**PROBLEM DESCRIPTION**
Each line of the data below should be repeated exactly.
___ DATASET EXTRACT ___
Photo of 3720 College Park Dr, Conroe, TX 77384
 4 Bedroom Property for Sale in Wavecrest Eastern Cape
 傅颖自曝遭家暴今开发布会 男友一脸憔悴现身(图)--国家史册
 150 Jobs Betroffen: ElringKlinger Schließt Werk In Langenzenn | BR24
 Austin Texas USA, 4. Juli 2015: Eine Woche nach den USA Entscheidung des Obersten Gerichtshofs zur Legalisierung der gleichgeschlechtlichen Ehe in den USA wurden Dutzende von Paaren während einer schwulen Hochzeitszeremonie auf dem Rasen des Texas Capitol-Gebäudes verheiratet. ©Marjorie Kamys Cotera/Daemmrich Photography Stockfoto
___
**COMPLETED TASK**
Photo of 3720 College Park Dr, Conroe, TX 77384
 4 Bedroom Property for Sale in Wavecrest Eastern Cape
 傅颖自曝遭家暴今开发布会 男友一脸憔悴现身(图)--国家史册
 150 Jobs Betroffen: ElringKlinger Schließt Werk In Langenzenn | BR24
 Austin Texas USA, 4. Juli 2015: Eine Woche nach den USA Entscheidung des Obersten Gerichtshofs zur Legalisierung der gleichgeschlechtlichen Ehe in den USA wurden Dutzende von Paaren während einer schwulen Hochzeitszeremonie auf dem Rasen des Texas Capitol-Gebäudes verheiratet. ©Marjorie Kamys Cotera/Daemmrich Photography Stockfoto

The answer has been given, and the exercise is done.